Caption-style text data
════

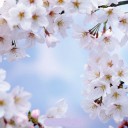 満開の桜Ｎail。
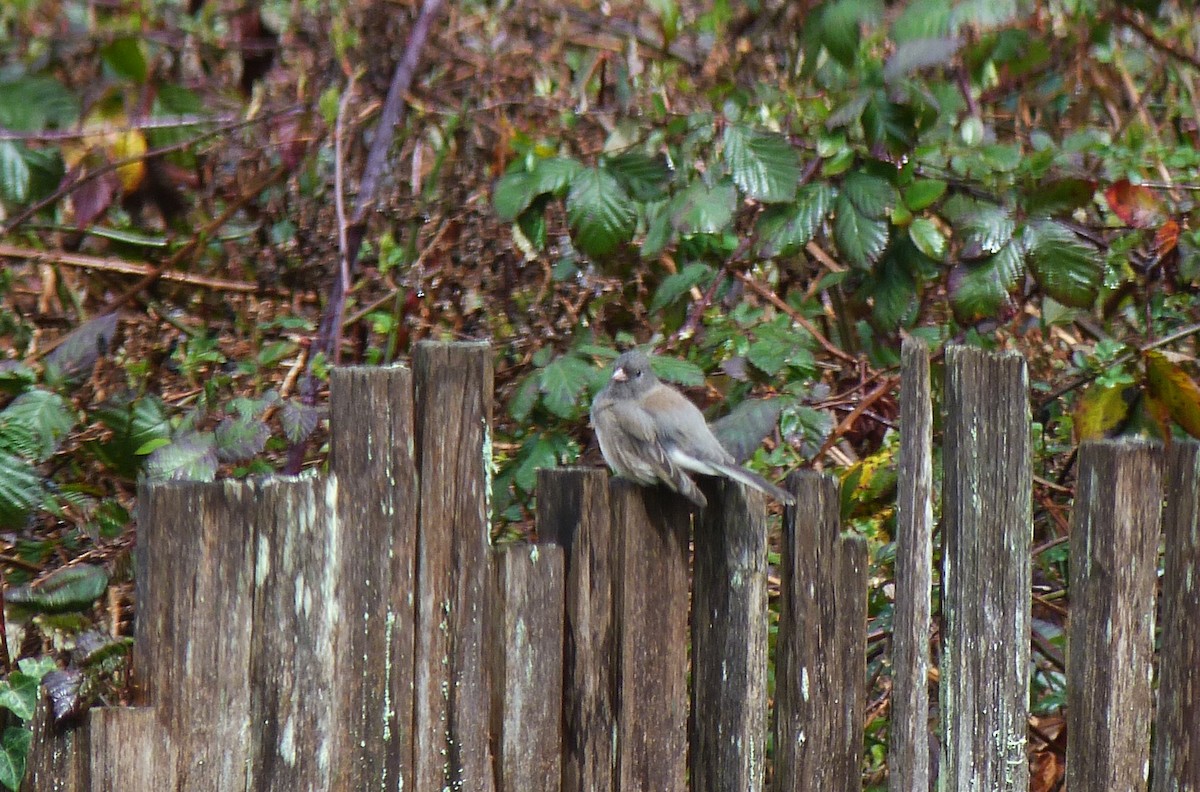 Dark-eyed Junco (Slate-colored) - ML631603597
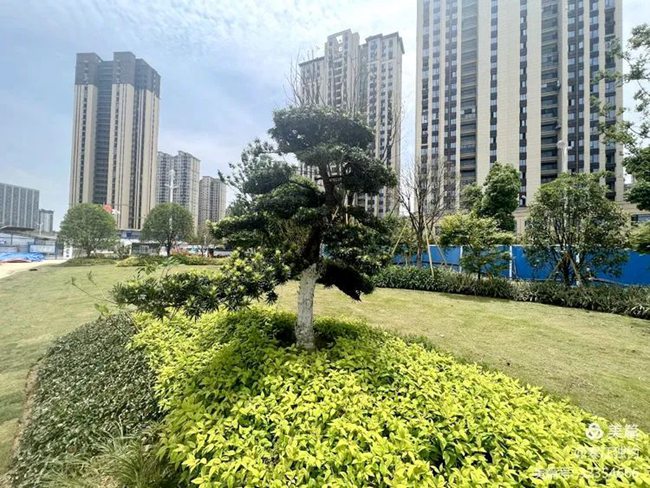 龙港城市湿地公园二期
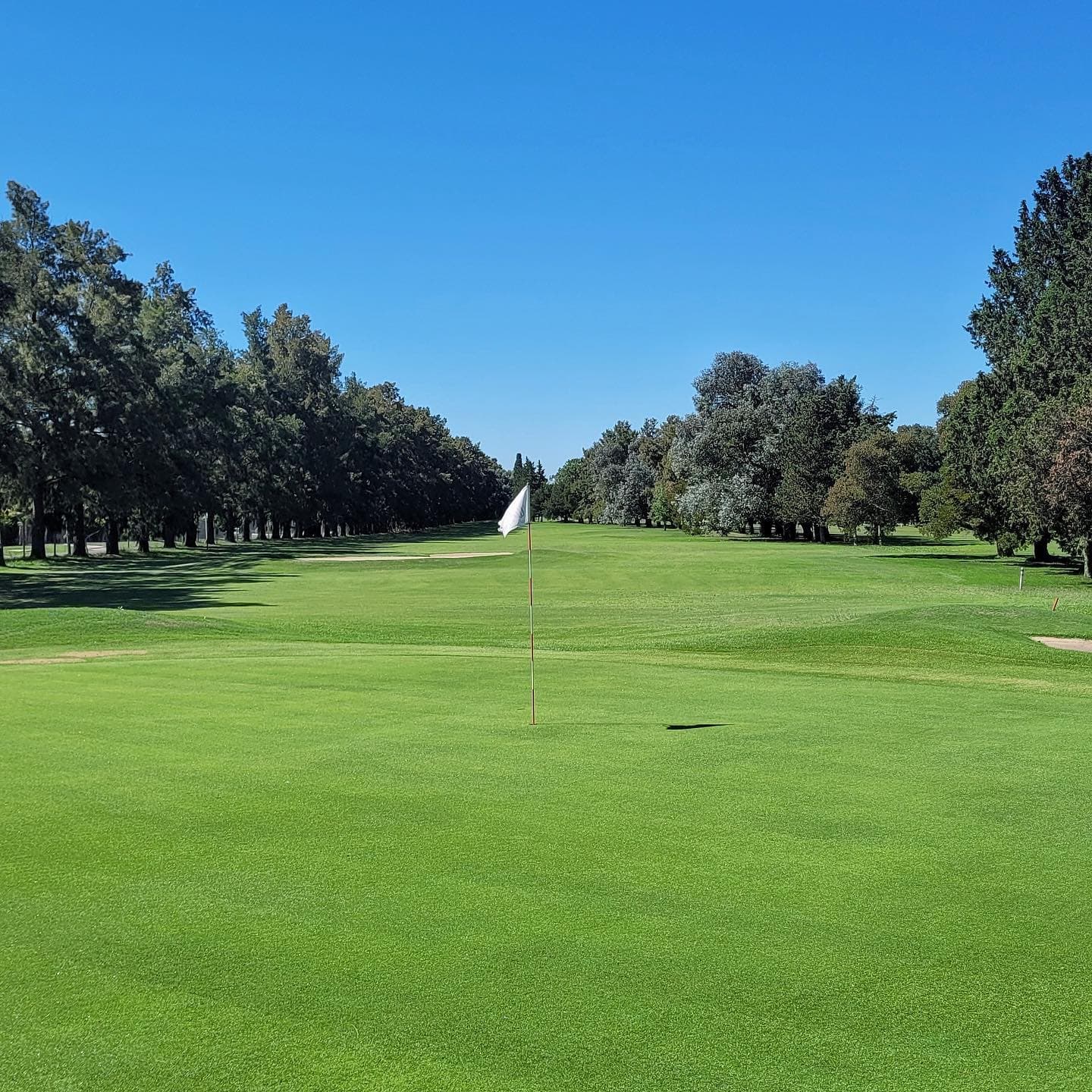 CLUB AT. ESTUDIANTES DE LA PLATA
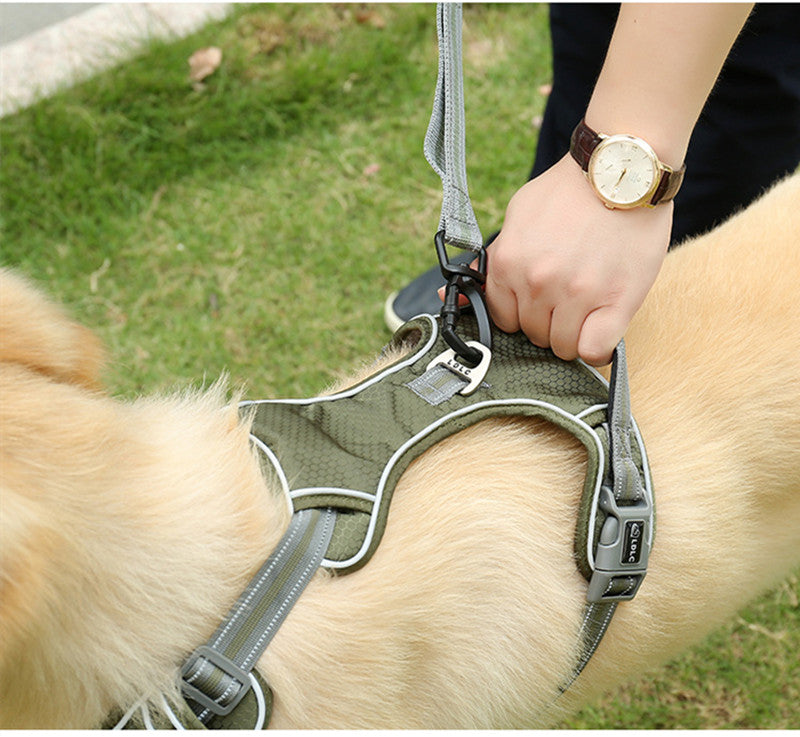 Fluorescent Elastic Retractable Anti Burst Pet Leash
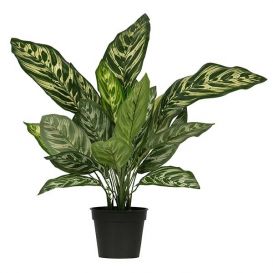 WOOOD Kunstplant Aglaonema groen 50cm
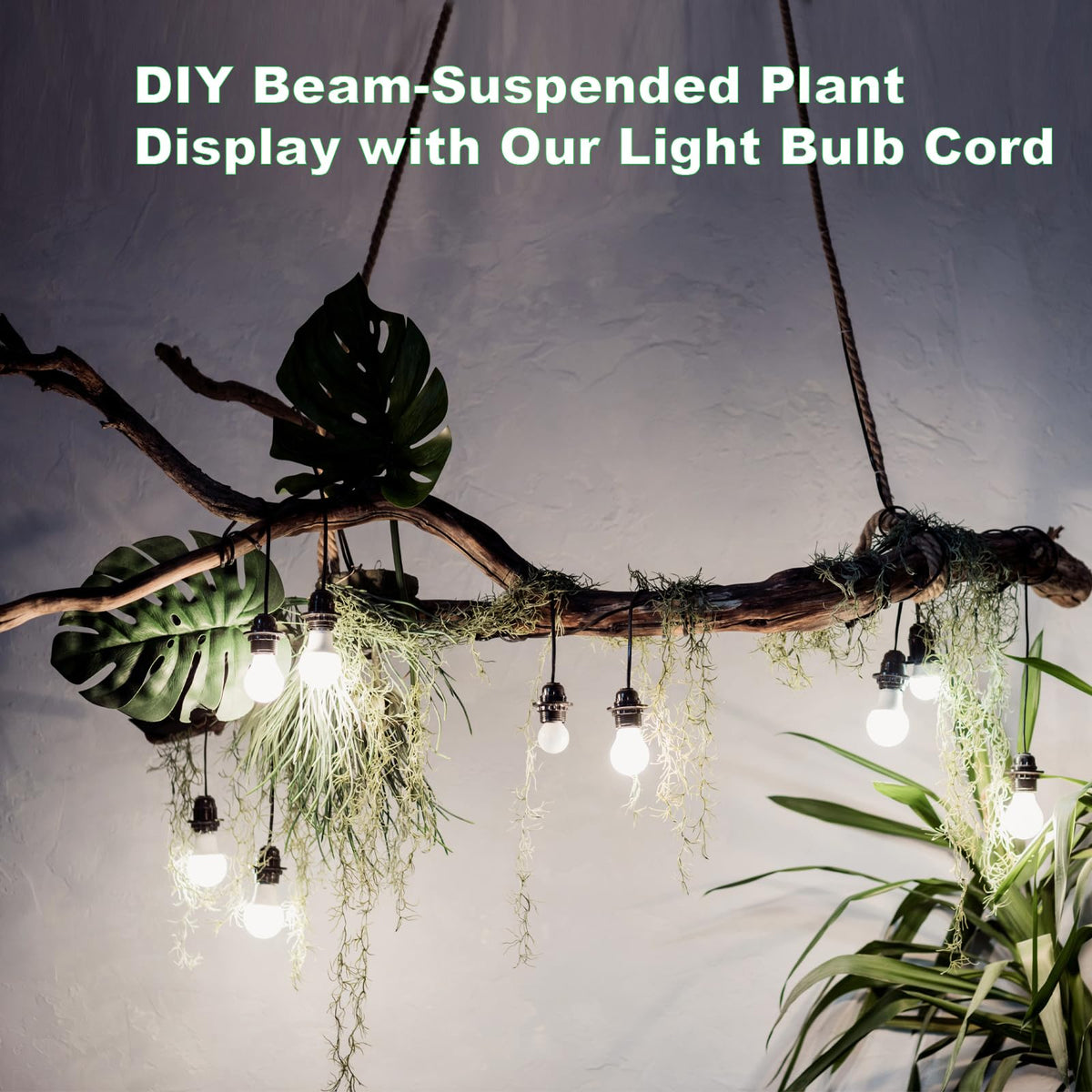 Zarnicy pendant light kit enables DIY lamp projects and accent lighting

════

* About this exercise: For each record above, write out its text exactly and skip any picture.

* Solution to this problem:
 満開の桜Ｎail。
 Dark-eyed Junco (Slate-colored) - ML631603597
 龙港城市湿地公园二期
 CLUB AT. ESTUDIANTES DE LA PLATA
 Fluorescent Elastic Retractable Anti Burst Pet Leash
 WOOOD Kunstplant Aglaonema groen 50cm
 Zarnicy pendant light kit enables DIY lamp projects and accent lighting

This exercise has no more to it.